● Source data
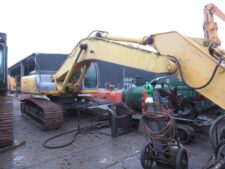 Dezmembrăm Excavator New Holland Kobelco E385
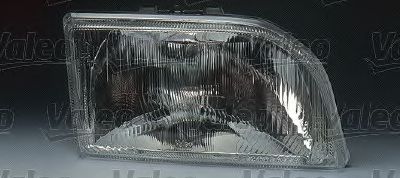 VALEO 069759 Основная фара для FORD FIESTA (Форд Фиэста) VALEO 069759 Основная фара для FORD FIESTA (Форд Фиэста)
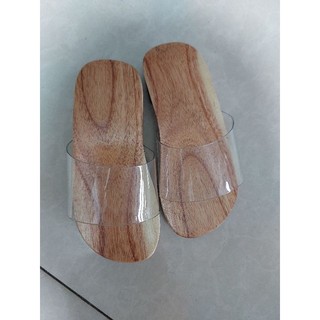guốc gỗ .guốc gỗ mộc đủ size e bé và size nữ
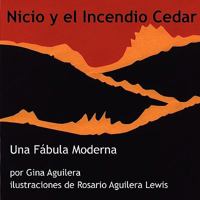 Nicio y el Incendio Cedar 0984239219 Book Cover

● Exercise
Write out, word for word, only the lines from the one containing "VALEO 069759 Основная фара для FORD FIESTA (Форд Фиэста) VALEO" to the end of the data above; the pictures stay out.

● Response
 VALEO 069759 Основная фара для FORD FIESTA (Форд Фиэста) VALEO 069759 Основная фара для FORD FIESTA (Форд Фиэста)
guốc gỗ .guốc gỗ mộc đủ size e bé và size nữ
 Nicio y el Incendio Cedar 0984239219 Book Cover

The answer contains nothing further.